### What to work on
Exclude the pictures and set down, unaltered, the lines from the one that holds "TERRANOVA Belleza Complex" through the end of the data.

### Input data
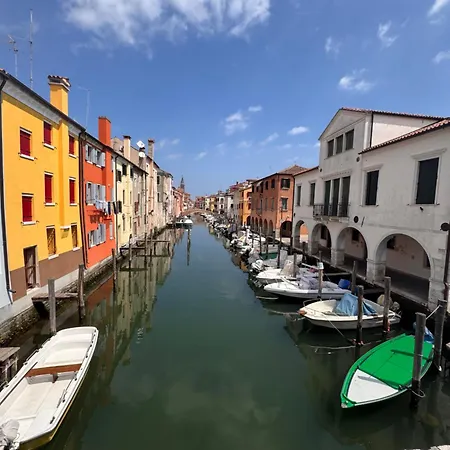 Casa San Giacomo * Chioggia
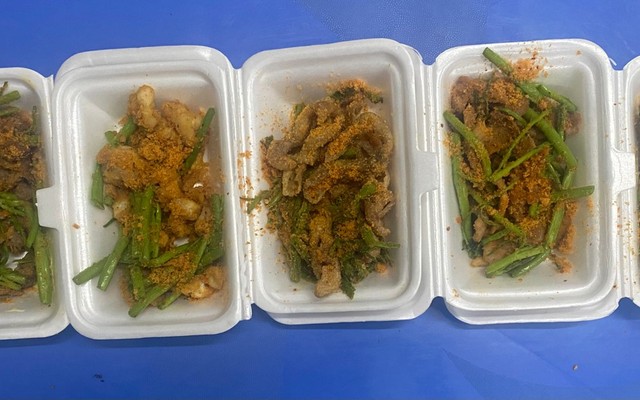 Dừa Tươi Vũng Tàu 1972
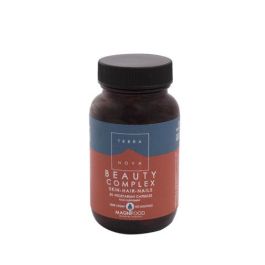 TERRANOVA Belleza Complex 50 Cápsulas Veganas: Cabello, Piel y Uñas Saludables con Zinc y Vitaminas Precio: 20.5000004. SKU: B1CBX7VL8Y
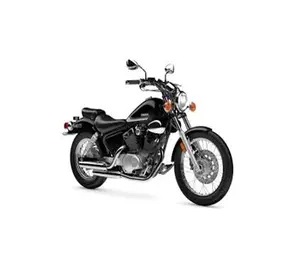 2024 यामाहा वी स्टार 250 सभी नई 249सीसी मोटरसाइकिलें बिक्री के लिए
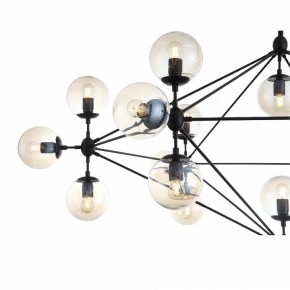 Люстра на штанге ST-Luce Stampo SL549.403.21 в Салехарде - salekhard.mebel24.online | фото 5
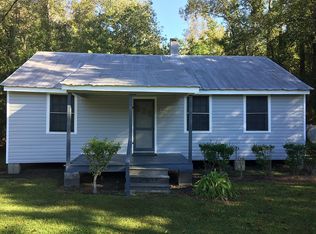 9421 State Highway 11, Willard, NC 28478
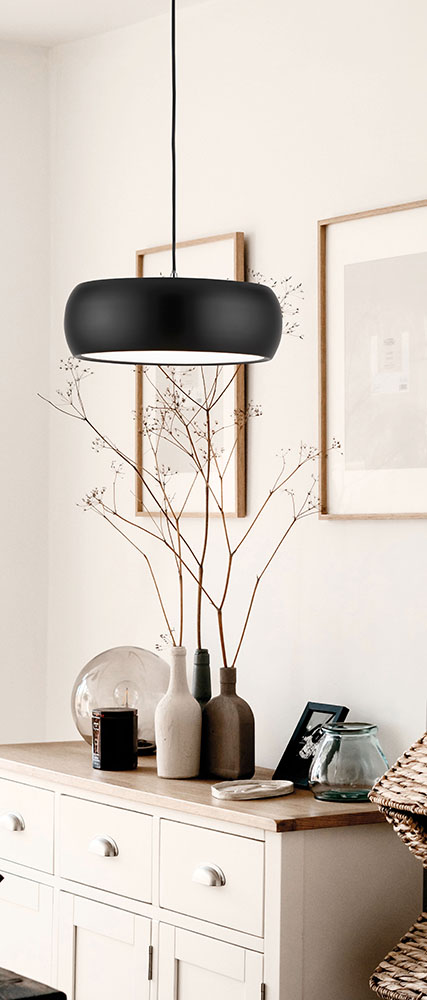Пендел Black Sali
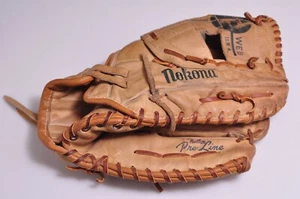 NAKONA BM-76 Baseball/Softball Handschuh - Vintage - Top Zustand - Bild 1 von 7
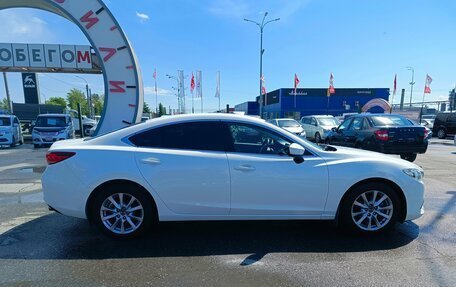 Mazda 6, 2018 год, 1 999 995 рублей, 8 фотография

### Your response
 TERRANOVA Belleza Complex 50 Cápsulas Veganas: Cabello, Piel y Uñas Saludables con Zinc y Vitaminas Precio: 20.5000004. SKU: B1CBX7VL8Y
 2024 यामाहा वी स्टार 250 सभी नई 249सीसी मोटरसाइकिलें बिक्री के लिए
 Люстра на штанге ST-Luce Stampo SL549.403.21 в Салехарде - salekhard.mebel24.online | фото 5
 9421 State Highway 11, Willard, NC 28478
Пендел Black Sali
 NAKONA BM-76 Baseball/Softball Handschuh - Vintage - Top Zustand - Bild 1 von 7
 Mazda 6, 2018 год, 1 999 995 рублей, 8 фотография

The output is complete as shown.